Data provided Block Start

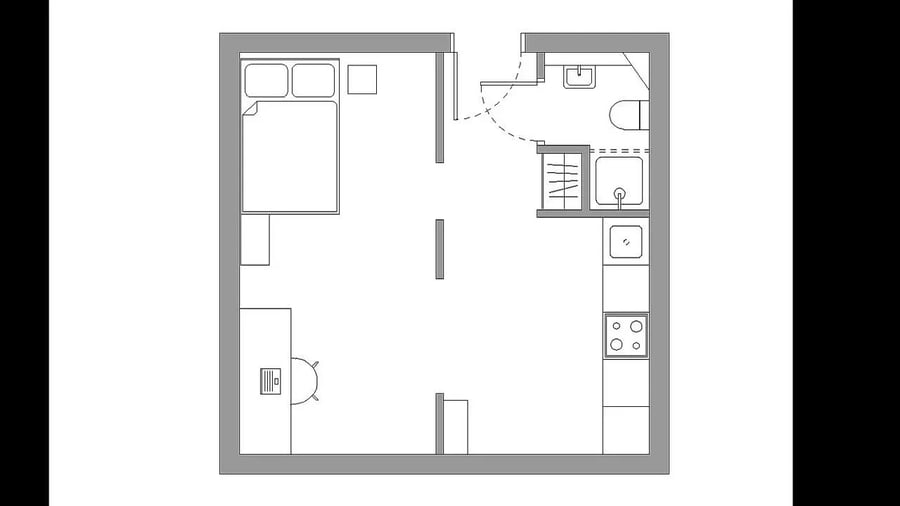 Bed desk toilet shower sink stove kitchen floor plan at Calcott Ten in Coventry Student Accommodation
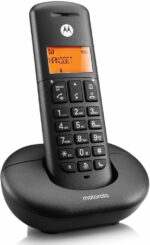 Motorola E201 Cordless Landline House Phone, Home Phone, Nuisance Call Blocking, Do Not Disturb Button, Amber Backlit Display,Single Handset Pack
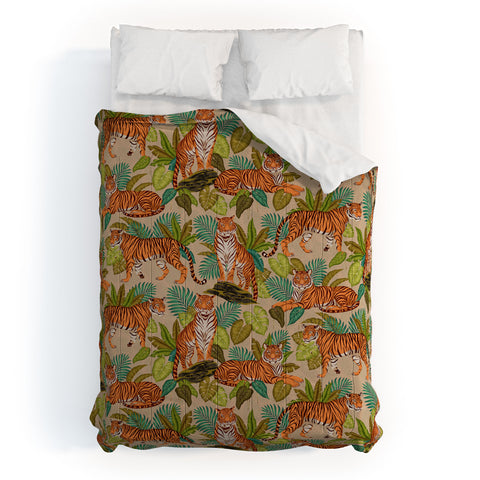 Avenie Jungle Tigers In Sand Comforter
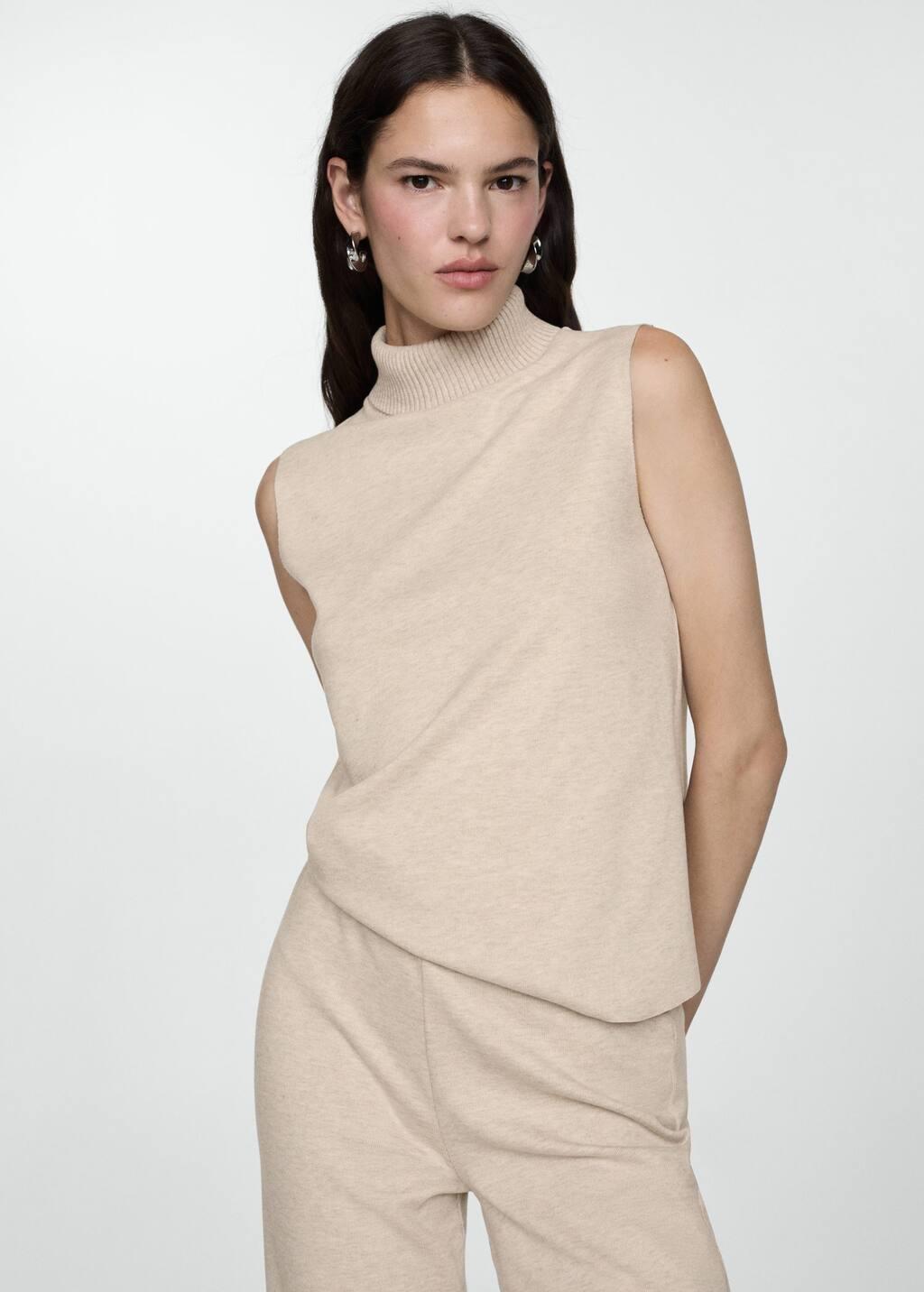 Beige Knitted Wide leg Trousers, , large image number 0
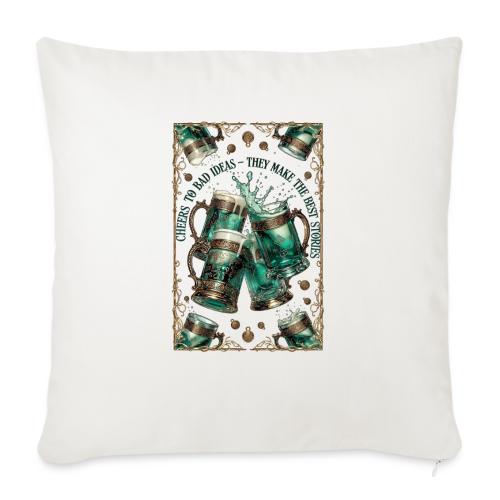 Cheers to Bad Ideas Tankards Graphic Tee - Throw Pillow Cover 17.5” x 17.5”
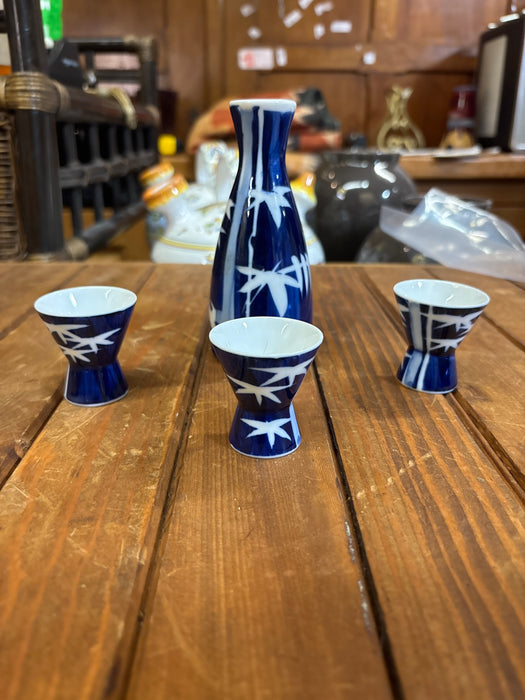 4 PIECE COBALT SAKI SET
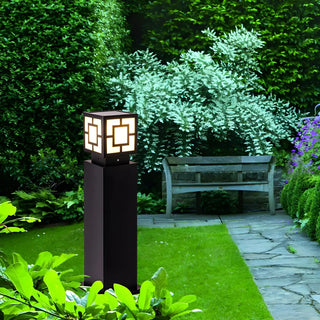 Vintage Black Square  Post Light Landscape Lighting Zawala Image - 6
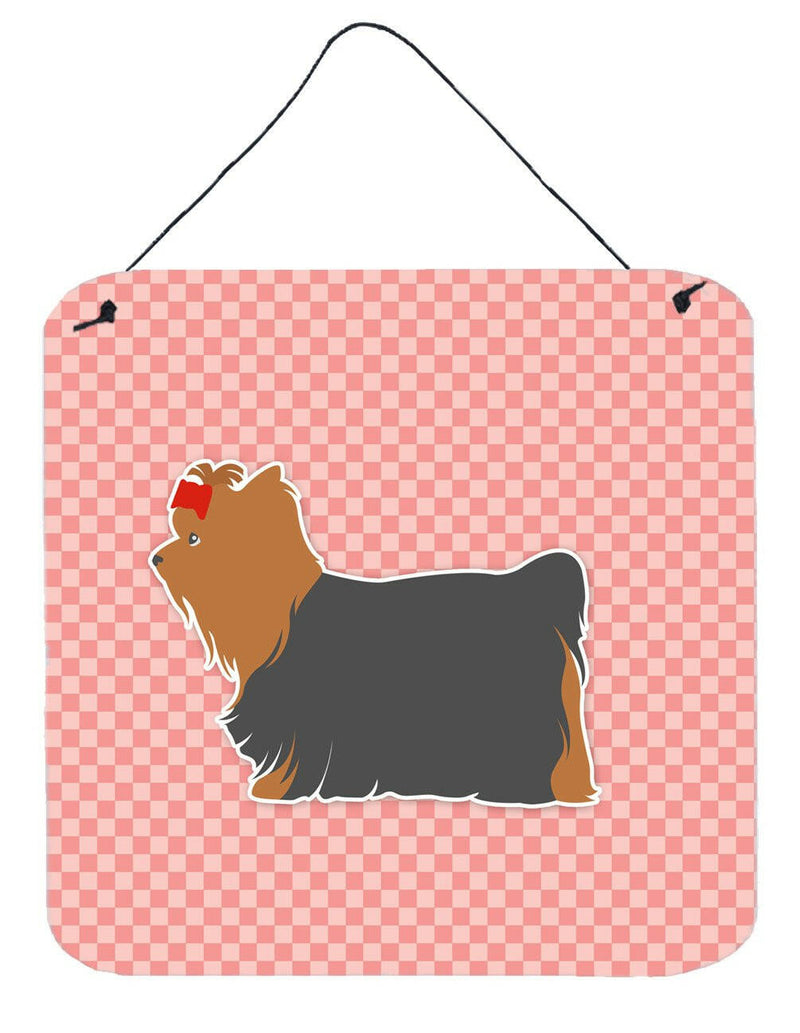 Yorkshire Terrier Yorkie Checkerboard Pink Wall or Door Hanging Prints BB3634DS66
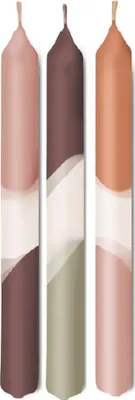 Produktbild von Set TREND STABKERZE DIP DYE Höhe 24 cm MIX, ROSA SALBEI DUNKELORANGE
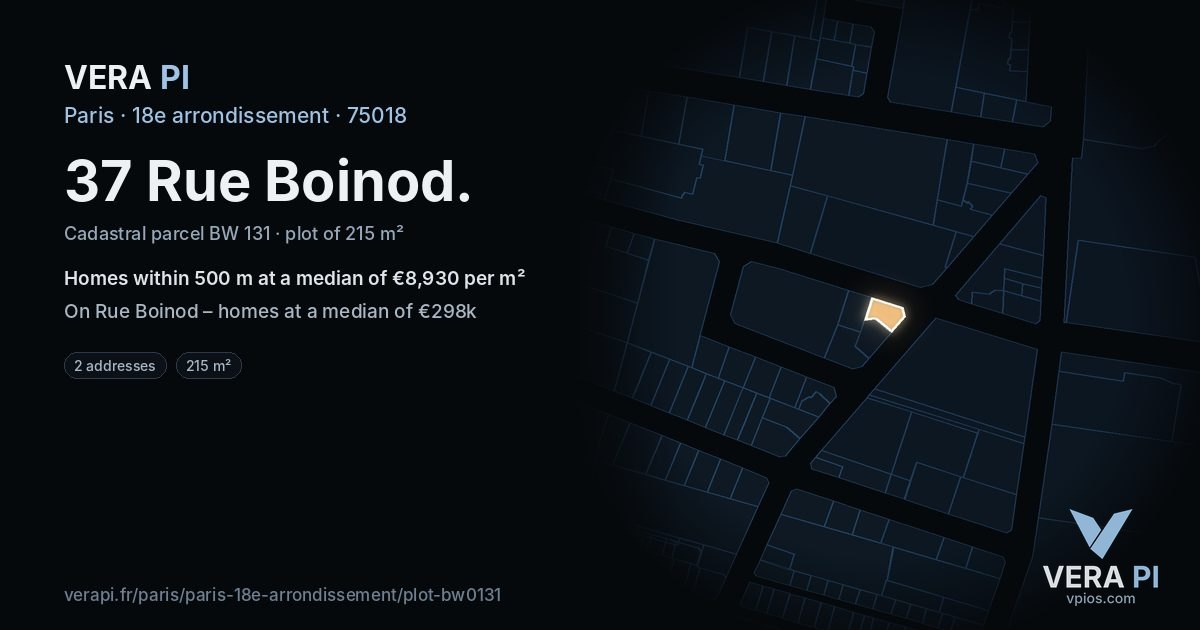 37 Rue Boinod, 18e arrondissement at night – the plot lit, the parcels around coloured by the prices near them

Data provided Block End

#### The problem:
Beginning with the line above that has "Cheers to Bad" and going on through the line that has "Yorkshire Terrier Yorkie", retype every line exactly and add nothing else; drop the pictures.

#### Exercise response:
 Cheers to Bad Ideas Tankards Graphic Tee - Throw Pillow Cover 17.5” x 17.5”
 4 PIECE COBALT SAKI SET
 Vintage Black Square  Post Light Landscape Lighting Zawala Image - 6
 Yorkshire Terrier Yorkie Checkerboard Pink Wall or Door Hanging Prints BB3634DS66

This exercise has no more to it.